■ **Dataset entries**:
::::
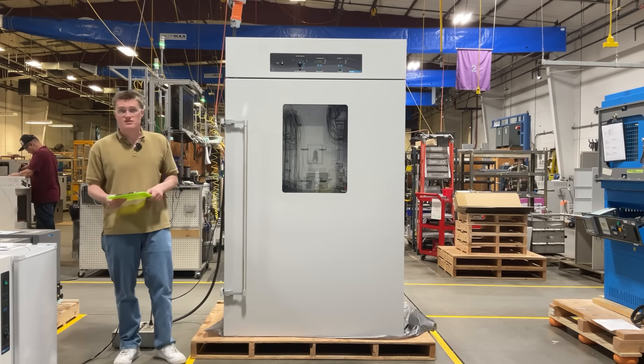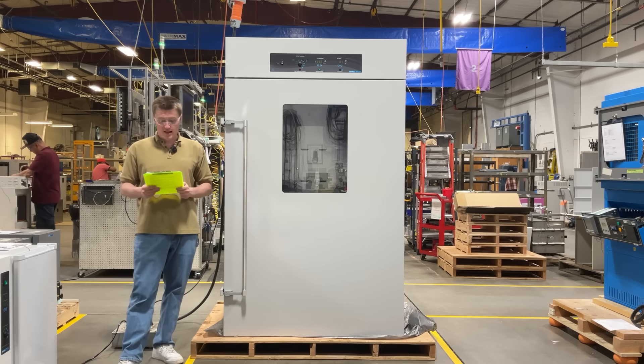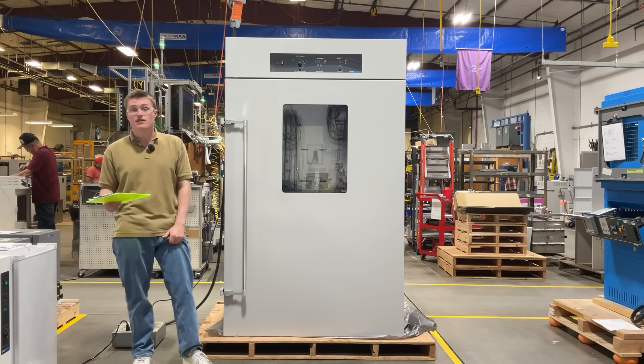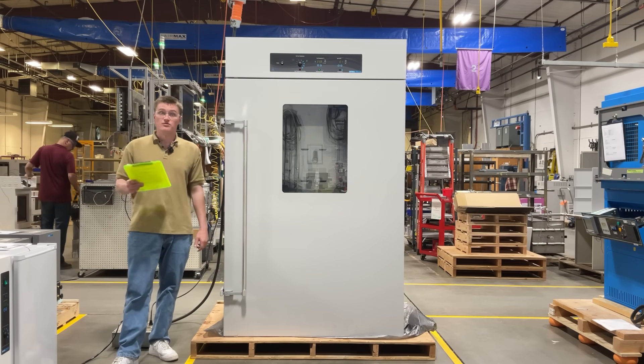Shell Labs' large-capacity 58 cubic foot CO2 dry incubator is designed for long-lasting reliability, minimal maintenance, and superior contamination control, making it a top choice for biotech, pharmaceutical, and clinical applications. Invest in precision. Invest in reliability. Invest in the FCO 58.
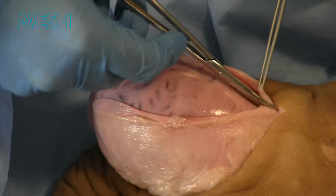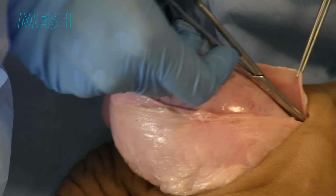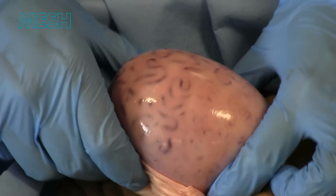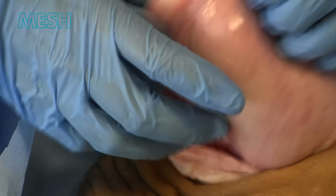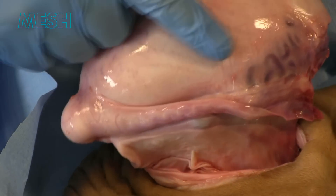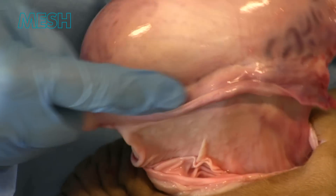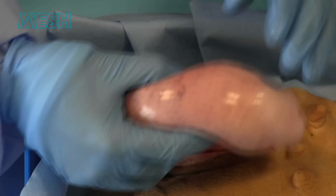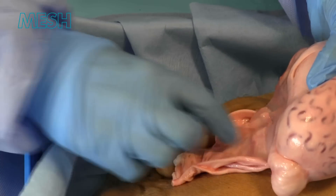We must ensure the incision in the tunica vaginalis is opened enough to allow full eversion of tunica vaginalis. This is then folded neatly behind the testicle. We can see the whole testicle here and epididymis with gubernaculum at the caudal layer.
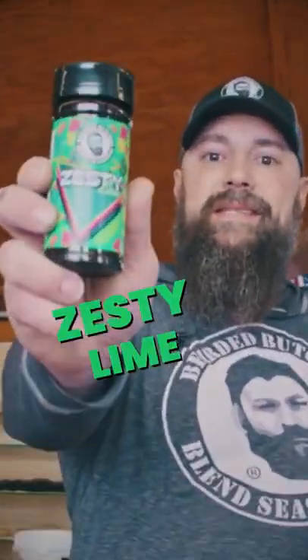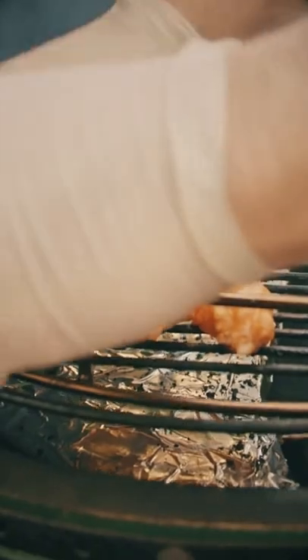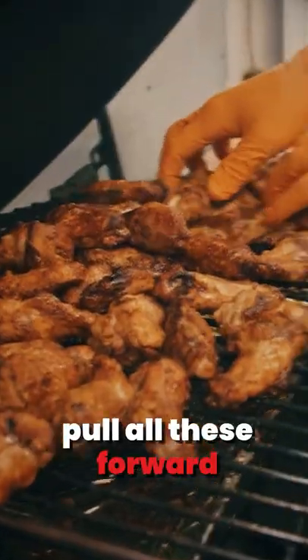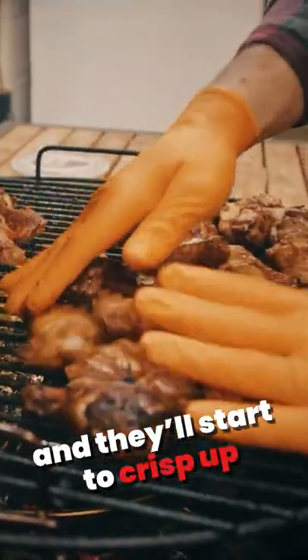Starting with our zesty lime, Jeremy's going to do some mixing. So we're going with a dual zone cook. Pull all these forward so they get on some direct heat and they'll start to crisp up.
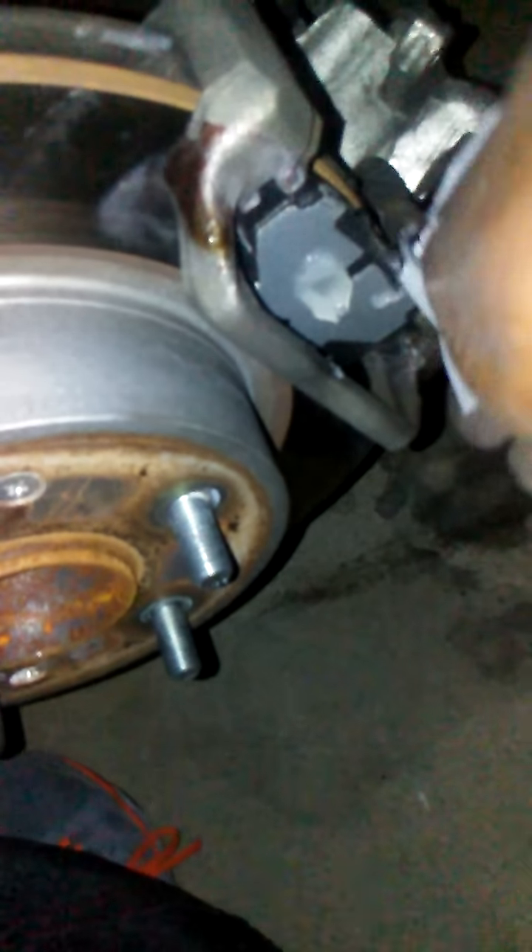Next step is your lubricant grease. If you ever change your brakes and you keep hearing squeaking, that's probably because you didn't put on the lubricant grease. You want to put your lubricant grease on the pads — front and the back — just go ahead and rub that in.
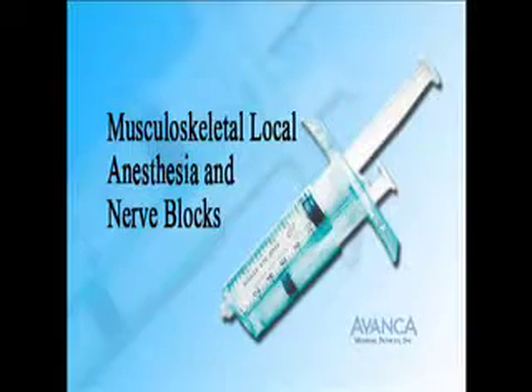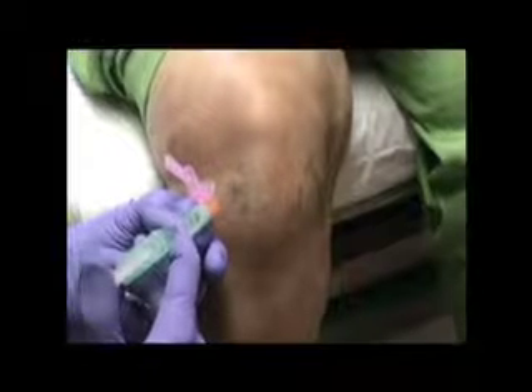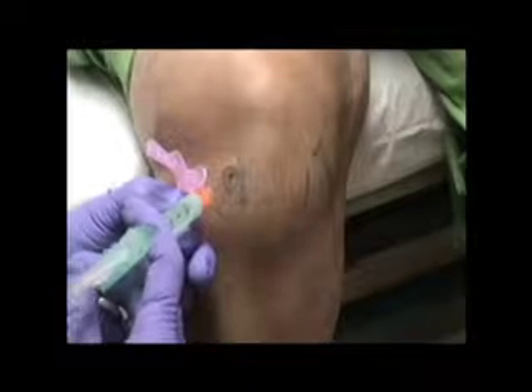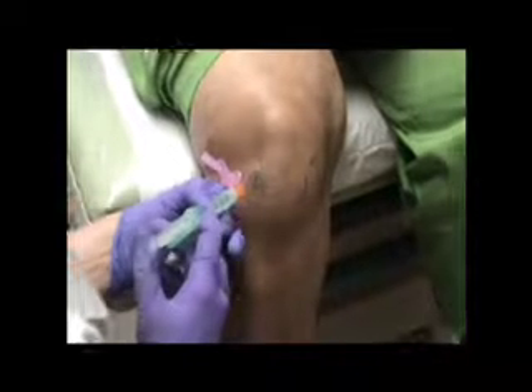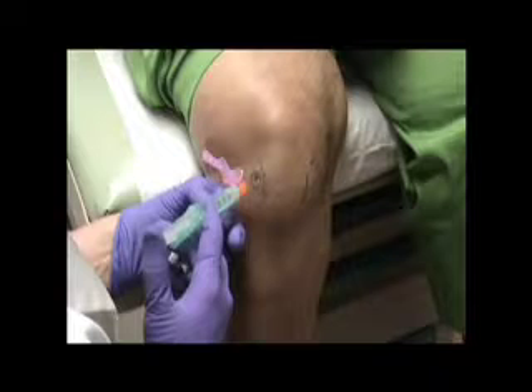Musculoskeletal local anesthesia and nerve blocks. After the local anesthetic agent has been aspirated into the RPD, the needle is introduced into the tissues in a standard fashion. Prior to injecting anesthetic, the RPD is aspirated by pressing the aspiration plunger to assure extravascular positioning of the needle tip.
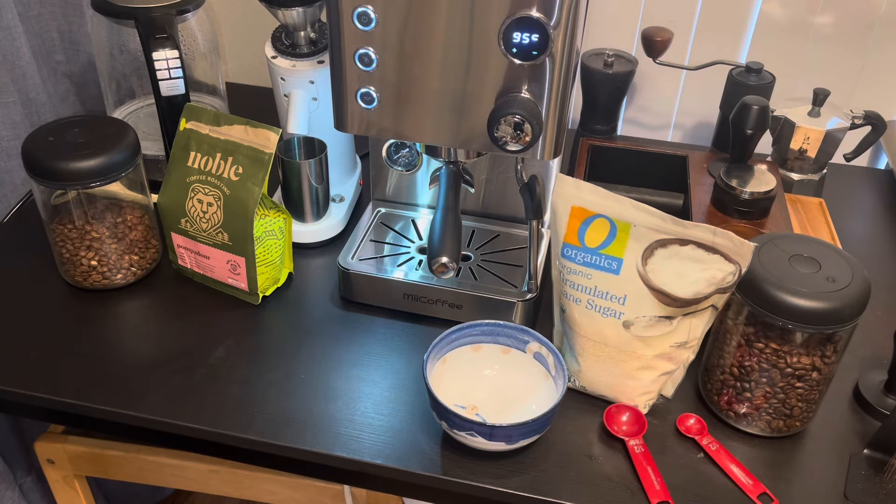Welcome! Today we're going to be making Neapolitan coffee cream, or as it's known in Italian, la cremina del caffè, which is sugar and a little bit of the thick beginning parts of espresso whipped up for about five minutes. It creates this pale, really thick, sweet coffee cream, and you add it to your shot of espresso — it's super delicious.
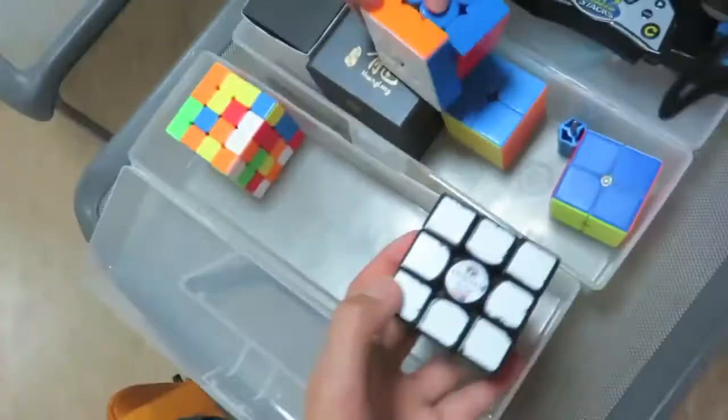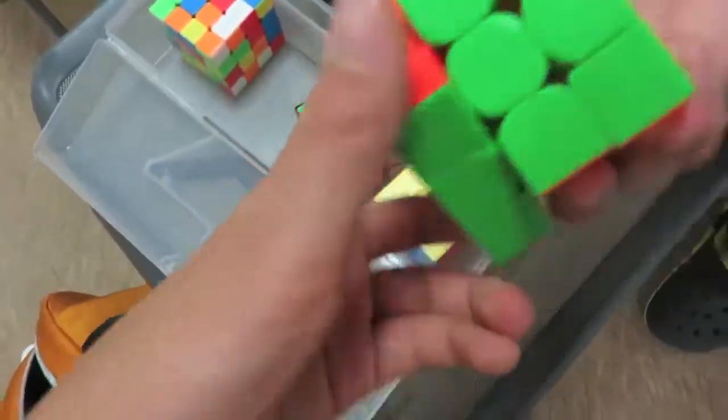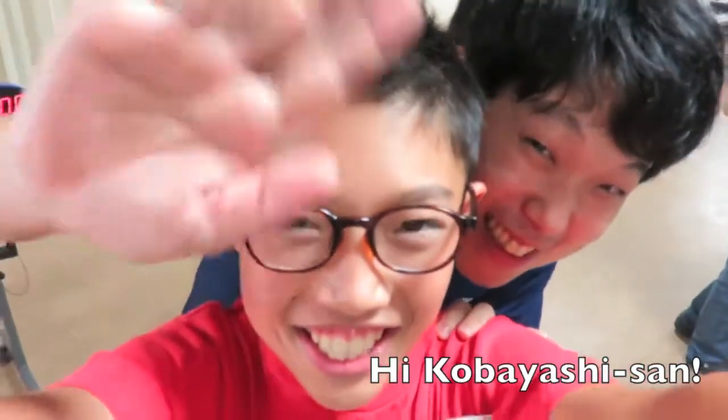Alright, hey, what's up guys — updates. I just finished 3x3. Hopefully I'll do well at the finals. I'm switching my cube from the GAN, because it has really small stickers, so I'm switching it to the Huolong. This thing is really good. I think that'll help me have better solves. That's the end of this update.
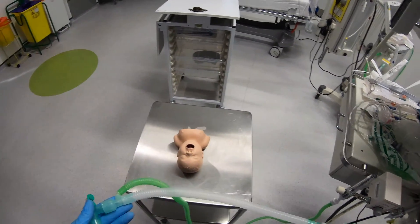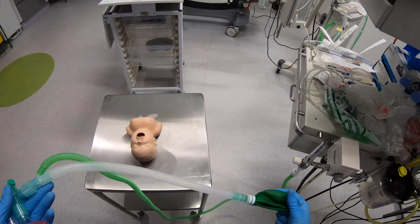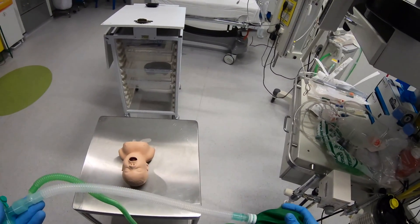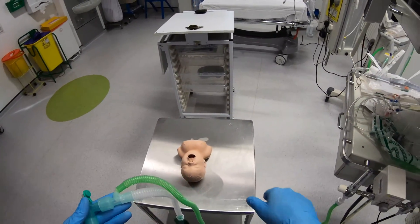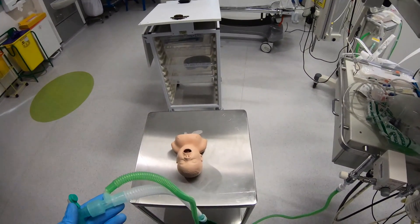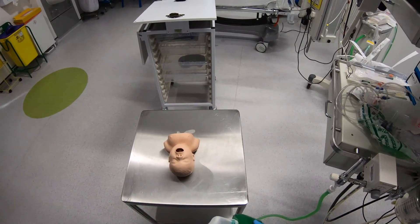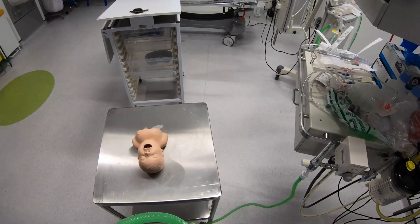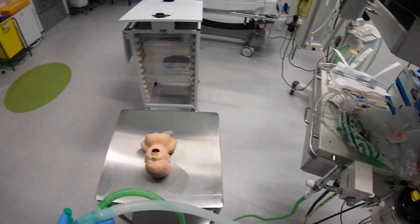Particularly if you're providing positive pressure ventilation, you're going to be giving the gas collected in this reservoir bag back into the patient when you ventilate them. So you need the flow rate high enough that all the expired gas has been washed out through the end of the bag. In general we would use 4 litres as a minimum and you want at least 2 to 3 times the patient's minute volume.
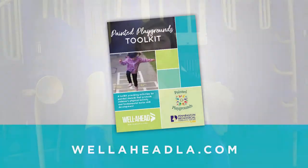This video, in conjunction with our toolkit, will provide you with the knowledge and skills necessary to use painted stencils in your play area to help children be more physically active and develop fundamental motor skills. Our toolkit, which is available on the website, will provide you with fun and safe games to play with painted stencils on your playground.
::::
■ **Exercise**: An exact copy of the entries above, with no pictures, is the required answer.

■ **Exercise response**:
Shell Labs' large-capacity 58 cubic foot CO2 dry incubator is designed for long-lasting reliability, minimal maintenance, and superior contamination control, making it a top choice for biotech, pharmaceutical, and clinical applications. Invest in precision. Invest in reliability. Invest in the FCO 58.
We must ensure the incision in the tunica vaginalis is opened enough to allow full eversion of tunica vaginalis. This is then folded neatly behind the testicle. We can see the whole testicle here and epididymis with gubernaculum at the caudal layer.
Starting with our zesty lime, Jeremy's going to do some mixing. So we're going with a dual zone cook. Pull all these forward so they get on some direct heat and they'll start to crisp up.
Next step is your lubricant grease. If you ever change your brakes and you keep hearing squeaking, that's probably because you didn't put on the lubricant grease. You want to put your lubricant grease on the pads — front and the back — just go ahead and rub that in.
Musculoskeletal local anesthesia and nerve blocks. After the local anesthetic agent has been aspirated into the RPD, the needle is introduced into the tissues in a standard fashion. Prior to injecting anesthetic, the RPD is aspirated by pressing the aspiration plunger to assure extravascular positioning of the needle tip.
Welcome! Today we're going to be making Neapolitan coffee cream, or as it's known in Italian, la cremina del caffè, which is sugar and a little bit of the thick beginning parts of espresso whipped up for about five minutes. It creates this pale, really thick, sweet coffee cream, and you add it to your shot of espresso — it's super delicious.
Alright, hey, what's up guys — updates. I just finished 3x3. Hopefully I'll do well at the finals. I'm switching my cube from the GAN, because it has really small stickers, so I'm switching it to the Huolong. This thing is really good. I think that'll help me have better solves. That's the end of this update.
Particularly if you're providing positive pressure ventilation, you're going to be giving the gas collected in this reservoir bag back into the patient when you ventilate them. So you need the flow rate high enough that all the expired gas has been washed out through the end of the bag. In general we would use 4 litres as a minimum and you want at least 2 to 3 times the patient's minute volume.
This video, in conjunction with our toolkit, will provide you with the knowledge and skills necessary to use painted stencils in your play area to help children be more physically active and develop fundamental motor skills. Our toolkit, which is available on the website, will provide you with fun and safe games to play with painted stencils on your playground.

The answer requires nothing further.